Part 4 (week 6-8): End-to-End Media Path
  1. Implement a separate portable application in C/C++. It should support the API commands from part 2 to establish end-to-end media path using existing NAT traversal libraries such as pjnath.
  2. It should include audio capture and playback using portable audio libraries such as rtaudio and audio codec such as speex.
  3. Optionally, it should allow Flash application to send captured and encoded media.
  4. To test this component, use a test script that generates commands, and external STUN and TURN servers to enable connectivity across NAT and firewall.

The client application running in the web browser uses widgets and controls the web communication process. It interacts with both the server for signaling and separate application to establish media path. This project will create widgets for common web communication tasks such as two-party voice call. The widgets are combination of HTML, Javascript and/or plugin applications to enable a specific function. A web developer can use such widgets in her web pages to quickly incorporate the web communication feature for the web site.

When a widget is loaded in the browser, it should first detect whether appropriate version of the separate application is running on host computer or not. If needed, it should prompt the user to install a particular version of the separate application.

The two-party communication widget should have developer API to login and logout, and to initiate, receive, accept or reject calls.

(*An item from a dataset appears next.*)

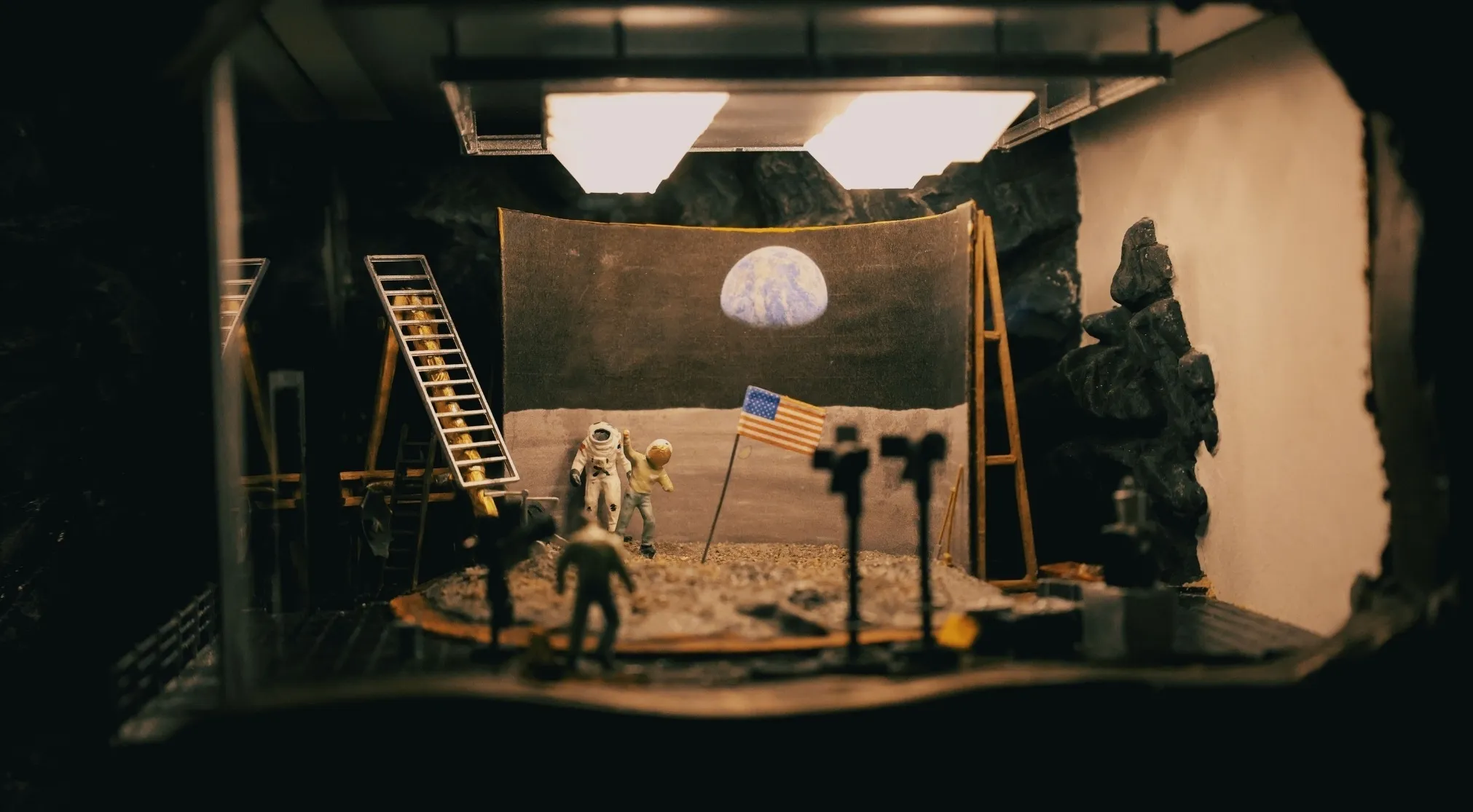 Miniature diorama simulating a Moon landing, questioning UFO and conspiracy theories with astronauts and an American flag.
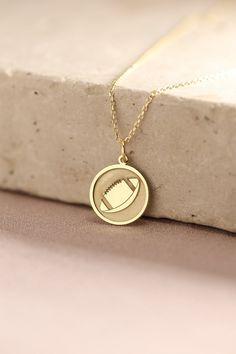 Gold American Football Pendant - American Football Ball Gold Necklace ● Material of pendant: Solid Gold 14k ( REAL GOLD ) ● Metal Stamp: 14k ( REAL GOLD ) ● The pendant is available in 5 sizes: - 12,7 mm / 0.5 inches (Diameter) - 14,0 mm / 0,55 inches ( Diameter ) In the photos - 15,3 mm / 0.6 inches ( Diameter ) - 16,5 mm / 0,65 inches ( Diameter ) - 19,1 mm / 0,75 inches ( Diameter ) ( In the photos the size is 14mm / 0.55 inches Diameter ) ( Jump Ring inner diameter: 4 mm ) ● Material of chai Gold Sterling Silver Custom Necklace With Charms, White Gold Plated Charm Necklace With Round Pendant, White Gold Plated Round Pendant Charm Necklace, Custom Silver Necklace Stamped 14k, Personalized Round Gold Plated Charm Necklaces, Personalized Gold-plated Charm Necklaces, Personalized Gold Plated Charm Necklaces, Personalized Yellow Gold Charm Necklace For Birthday, 14k Gold Necklaces With Round Pendant Charms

It should also have API to control device parameters such as microphone mute state, speaker volume, etc.

Part 5 (week 9-11): Client Widget and Web Application
  1. Implement the two-party communication widget and an example web page to facilitate two-party voice call. The widget should be available as a Javascript library, and the web page should use only HTML and Javascript to access the widget.
  2. Write a short developer tutorial on how to build web communication applications using your widget.
  3. Write specific tasks that are needed to extend your widget to support advanced communication such as multiparty conferencing, video, etc.

One factor that defines the success of any web application is how easy it is to use. Our project includes a separate application that must be installed by the end user. To provide a seamless and immersive web experience, the installation of this separate application should be as easy as possible. Secondly, for a third-party web site to use this project, some server side component needs to be installed as well.

Part 6 (week 12-13): Application Installer
  1. Create an installer for your separate application that can be easily run by the end user on various platforms. Optionally, allow automatic version upgrade. Your client widget should prompt the user to install if needed.
  2. Create an installer for your server side application. You can assume external components such as Apache web server and Mysql database are already installed.

Documentation and demonstration of this project are crucial grading components. Unlike homework assignments, this project requires high quality software engineering practice because there will be more/different students working on or extending it in future. For a successful project, you should provide the following deliverables.

Project Deliverables
  1. Design document as described in part 2.
  2. Source code with extensive code comments for all the software components and test scripts (part 3-5).
  3. Application installers as described in part 6 and available to any one on the Internet.
  4. Meeting minutes of all the project related meetings highlighting important decisions, action items and accomplishments.
  5. A short tutorial describing how to use your software from a web application developer's point of view.
  6. A 2-page project report highlighting your goals, accomplishments, project experience, and future work.